• _What you will do_: The lines from the top of the records below through the one containing "Artificial Flower Building" are to be transcribed exactly, and nothing else is to be added.

• _Material for this task_:
★ ★ ★

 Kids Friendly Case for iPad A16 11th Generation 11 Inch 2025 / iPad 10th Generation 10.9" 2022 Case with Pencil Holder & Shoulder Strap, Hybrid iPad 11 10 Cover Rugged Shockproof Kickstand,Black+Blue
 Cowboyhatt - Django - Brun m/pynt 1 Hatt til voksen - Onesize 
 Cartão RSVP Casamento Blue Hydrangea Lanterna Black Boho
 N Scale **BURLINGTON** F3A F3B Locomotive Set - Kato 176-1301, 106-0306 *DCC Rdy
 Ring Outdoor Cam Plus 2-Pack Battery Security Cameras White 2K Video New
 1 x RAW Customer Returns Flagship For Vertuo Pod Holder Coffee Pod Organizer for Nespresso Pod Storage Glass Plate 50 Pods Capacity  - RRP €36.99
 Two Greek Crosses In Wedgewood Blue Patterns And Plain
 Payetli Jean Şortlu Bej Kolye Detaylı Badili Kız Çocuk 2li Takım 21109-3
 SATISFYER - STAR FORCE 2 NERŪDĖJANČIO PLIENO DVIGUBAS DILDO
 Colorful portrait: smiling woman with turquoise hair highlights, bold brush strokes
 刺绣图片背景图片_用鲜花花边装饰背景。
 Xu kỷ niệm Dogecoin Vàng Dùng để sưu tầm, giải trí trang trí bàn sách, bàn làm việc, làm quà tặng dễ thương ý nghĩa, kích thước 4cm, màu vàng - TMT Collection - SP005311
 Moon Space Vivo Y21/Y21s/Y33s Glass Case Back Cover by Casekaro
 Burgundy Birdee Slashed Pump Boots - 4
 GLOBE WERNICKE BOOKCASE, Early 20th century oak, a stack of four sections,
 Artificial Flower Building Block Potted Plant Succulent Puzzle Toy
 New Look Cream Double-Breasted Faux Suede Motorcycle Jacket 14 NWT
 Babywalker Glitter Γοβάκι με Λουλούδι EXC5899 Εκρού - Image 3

★ ★ ★

• _Exercise solution_:
 Kids Friendly Case for iPad A16 11th Generation 11 Inch 2025 / iPad 10th Generation 10.9" 2022 Case with Pencil Holder & Shoulder Strap, Hybrid iPad 11 10 Cover Rugged Shockproof Kickstand,Black+Blue
 Cowboyhatt - Django - Brun m/pynt 1 Hatt til voksen - Onesize 
 Cartão RSVP Casamento Blue Hydrangea Lanterna Black Boho
 N Scale **BURLINGTON** F3A F3B Locomotive Set - Kato 176-1301, 106-0306 *DCC Rdy
 Ring Outdoor Cam Plus 2-Pack Battery Security Cameras White 2K Video New
 1 x RAW Customer Returns Flagship For Vertuo Pod Holder Coffee Pod Organizer for Nespresso Pod Storage Glass Plate 50 Pods Capacity  - RRP €36.99
 Two Greek Crosses In Wedgewood Blue Patterns And Plain
 Payetli Jean Şortlu Bej Kolye Detaylı Badili Kız Çocuk 2li Takım 21109-3
 SATISFYER - STAR FORCE 2 NERŪDĖJANČIO PLIENO DVIGUBAS DILDO
 Colorful portrait: smiling woman with turquoise hair highlights, bold brush strokes
 刺绣图片背景图片_用鲜花花边装饰背景。
 Xu kỷ niệm Dogecoin Vàng Dùng để sưu tầm, giải trí trang trí bàn sách, bàn làm việc, làm quà tặng dễ thương ý nghĩa, kích thước 4cm, màu vàng - TMT Collection - SP005311
 Moon Space Vivo Y21/Y21s/Y33s Glass Case Back Cover by Casekaro
 Burgundy Birdee Slashed Pump Boots - 4
 GLOBE WERNICKE BOOKCASE, Early 20th century oak, a stack of four sections,
 Artificial Flower Building Block Potted Plant Succulent Puzzle Toy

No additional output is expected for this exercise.